With the dual showpieces of "Never Catch Me" "Dead Man's Tetris", the mania of the first chapter is diffused through “Turkey Dog Coma” into a beautiful night-time grotto of beats, strings and soul. Running through “Stirring,” through to "Turtles", you can’t help but hear You’re Dead’s cries for visualisation; it’s a beautifully theatrical record. Emerging from the ominous gurgling of "Ready Err Not", Thundercat’s tearful bass in “Eyes Above” provides a ladder out of the electronica-dense darkness and back into jazz. "Moment Of Hesitation" whisks you away and before you know it, it’s nearly over.
You're Dead is not the longest record in the world, nor is it perfect - occasionally it feels like the sequencing within the tracks and within the whole album took precedence over the musical quality. But as a fan listening to Ellison's growth as an artist through the years - from the post-Dilla mimicry of July Heat, through his ascension with Warp and the stunning Los Angeles, to newfound experimentation and partnerships on Cosmogramma and Until The Quiet Comes - it's hard to not feel somewhat emotionally invested in his progression.

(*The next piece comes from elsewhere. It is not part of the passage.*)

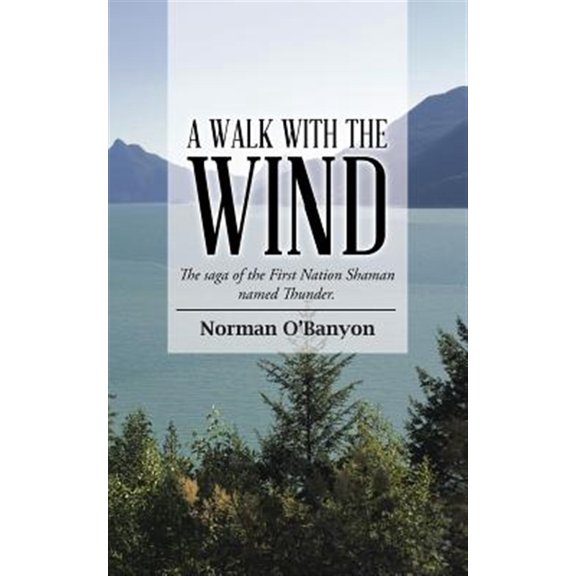 Pre-Owned A Walk with the Wind: The saga of the First Nation Shaman named Thunder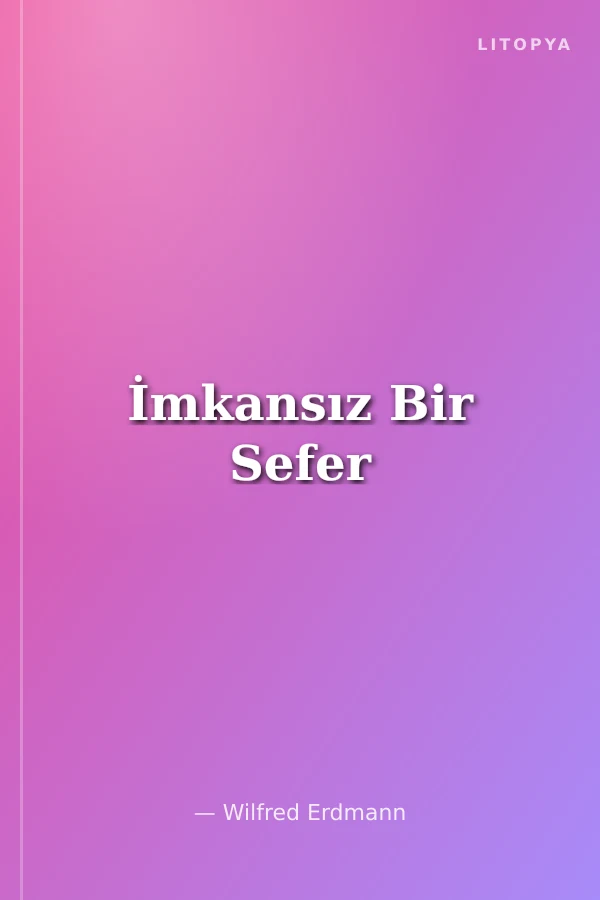 İmkansız Bir Sefer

You’re Dead might be the last straw for those that always wished he would just produce a Los Angeles V2, but for many others this album will signify the absolute centrepiece of Ellison’s genius. "The Protest" is the perfect epilogue to this journey - and as happy an ending as possible for an album all about death. "We will live on forever and ever" sung out across an apocalyptic orchestral backdrop - before the beat kicks and the credits roll with an almost ironic, purposefully classic FlyLo rhythm and bass combo. 1983, Reset, Los Angeles all come flooding back and you question whether the whole jazz thing even happened. Then you go back to the start and you realise it definitely did.
More than any album before it, You're Dead! feels like a milestone in the music of Flying Lotus. If Cosmogramma signalled Stephen Ellison's ambition to be more than a beatmaker, then this record is the accomplishment of that ambition. You're Dead! might be the most immortal Flying Lotus album to date.